Hamas' actions are legitimized by its supporters because of Israel's perceived inhumane treatment of the Palestinian people. Israel's supporters legitimize their behavior because of Hamas' and other Palestinian factions' desperate attacks on Israel's civilian population.
The big news of the year in Latin America undoubtedly was the successful rescue operation carried out by the Colombian military, which released French-Colombian politician Ingrid Betancourt, Americans Thomas Howes, Keith Stansell and Marc Gonsalves, and eleven Colombian officers and NCOs. The success of this operation, which required near perfect execution by a military that only a few years ago could rarely be trusted, dealt a blow to Hugo Chavez’s dream of a Bolivarian empire in Latin America and changed the balance of power in the region away from Chavez. By year's end, Brazil also gained a much higher profile, stealing the limelight from Chavez by becoming a diplomatic power.
But let’s start in January:
The price of oil at the beginning of the year was $100 for Texas crude. In December 2007 Hugo Chavez had lost a referendum on amending the Venezuelan constitution which would have granted him unlimited terms and nearly unlimited powers.
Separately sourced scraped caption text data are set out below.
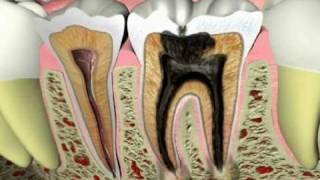 Endodontics  What Causes a Tooth Ache [upl. by Ecurb252]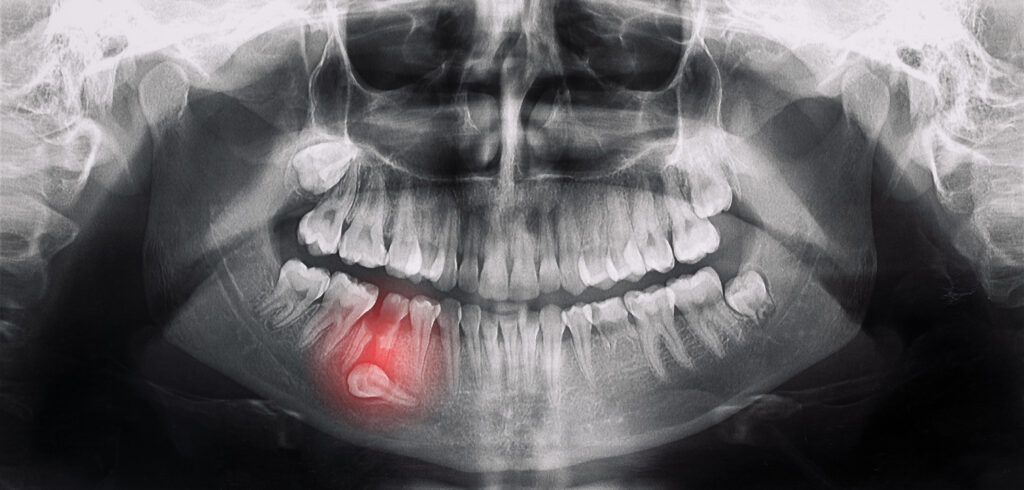 Dental panoramic x-ray showing an impacted wisdom tooth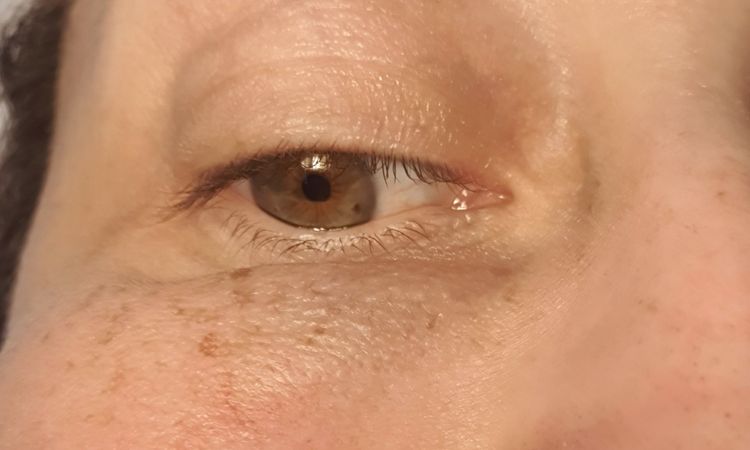 Bulto tras 2 años de relleno de ojeras con ac. hialurónico - 44600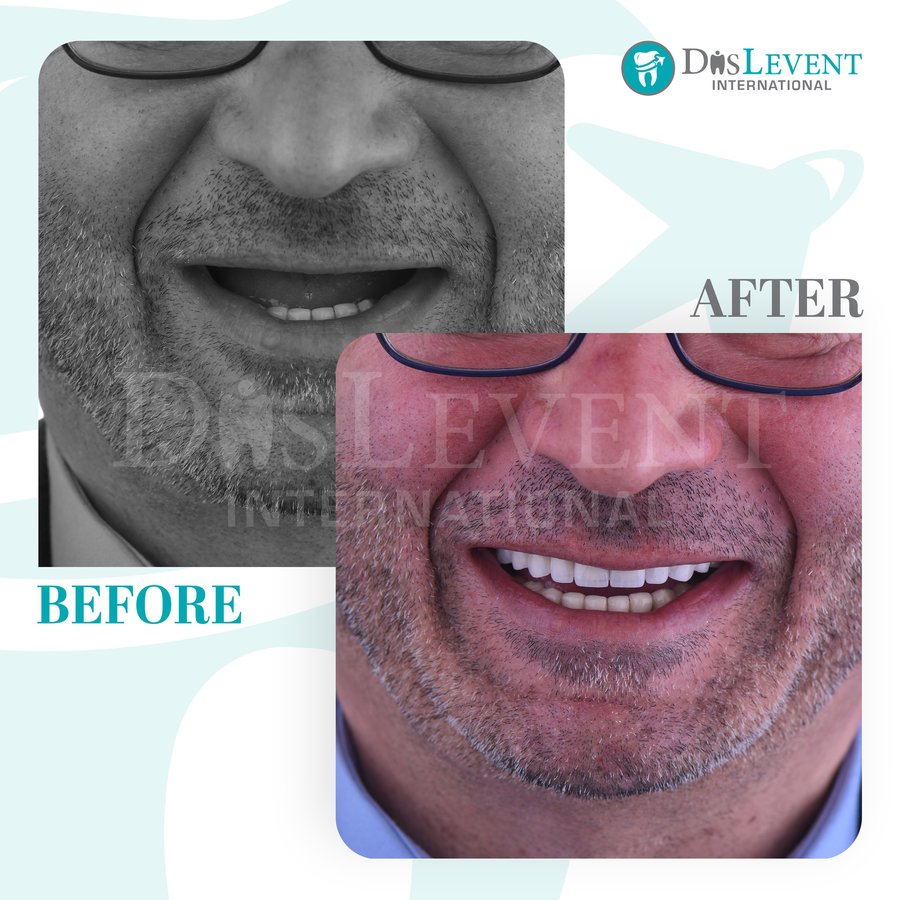 عيادة ديفينت الدولية - DIS Levent International Clinic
People were still using “Por que no te callas” ringtones in their cell phones. The best-selling ringtone used King Juan Carlos’s of Spain’s retort, and relations between Spain and Venezuela had become strained. At year's start, Chavez was proposing the rescue of three hostages, which was rumored to involve the payment of $500 million. The rescue did go through, but not as planned. The son of one of the women, who supposedly was going to be released at that time, not only had already been released, but was living in a Bogota orphanage.